Zunächst ging es um ein beiderseits eher nutzbringendes Zusammenleben, gefüllt von verschiedenen Wenn und Aber, die in der Regel die Grenze eines intensiven Verhältnisses nicht überschritten. Kleinere Zwistigkeiten stellten in gewisser Weise auch eine Inspiration und Motivation dar, sie weckten einen Wettbewerb, der dann für beide Seiten nützlich war. Später aber nahm die Häufigkeit dieser Konflikte zu, ebenso die Kraft, mit der sie ausgetragen wurden. Auch die Gründe wurden schwerwiegender. So wurde aus Streitereien um die Sprache der Strassenschilder ein Kampf um das Dasein. Es ist nicht gerade überraschend, daß ein socher Konflikt die zarten Bindungen zwischen den zwei Völkern ruiniert hat. Und es ist auch nicht überraschend, daß eine so brutale Trennung, wie die, zu der Tschechen und Deutschen gelangten, bis heute in vielen Erinnerungen als Trauma existiert. Zum Glück können wir aber feststellen, daß es in der Auffassung der gemeinsamen Geschichte immer mehr und mehr Behrührungspunkte gibt.
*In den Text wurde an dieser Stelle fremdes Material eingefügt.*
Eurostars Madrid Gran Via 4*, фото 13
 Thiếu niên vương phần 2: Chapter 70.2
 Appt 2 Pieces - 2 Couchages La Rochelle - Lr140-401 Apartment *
Auch wir wollen dieses Thema ansprechen und dabei eine möglichst ausgewogene Auslegung anbieten. Ausgewogenheit heißt nicht, daß man etwas verbirgt, jedoch wollen wir weder moralisieren noch Beschuldigungen aussprechen. Beurteilungen überlassen wir Ihnen. Unsere Aufgabe soll es sein, Voraussetzung für ein vorurteilsloses Wissen zu bieten, so weit dies möglich ist. Da uns jedoch nur begrenzte Zeit zur Verfügung steht, müssen wir auswählen. Nur einige Ereignisse, Namen, Ideen und Anschauungen können wir berücksichtigen. Das gilt besonders für den heutigen Teil. In den verbleibenden Minuten durchlaufen wir sechs Jahrhunderte des gemeinsamen Lebens, um dann in den nächsten Teilen mehr Zeit für die jüngstvergangene Geschichte zu haben.

Wenn man den Anfang des tschechisch-deutschen Zusammenlebens erwähnt, fällt vielen der Ausspruch des Präsidenten Masaryk über Immigranten und Kolonisten ein. Der Bohemist Ferdinand Seibt formuliert dies in seinem Buch "Deutschland und die Tschechen" wie folgt: Masaryk, der diese unglücklichen Worte später vergeblich wiedergutmachen wollte ... verwies die Deutschen sozusagen in die Rolle von Gastarbeitern bei der Gestaltung des neuen Staates. So sollte man den Vorgang der Kolonisation also nicht verstehen. Aber wie dann?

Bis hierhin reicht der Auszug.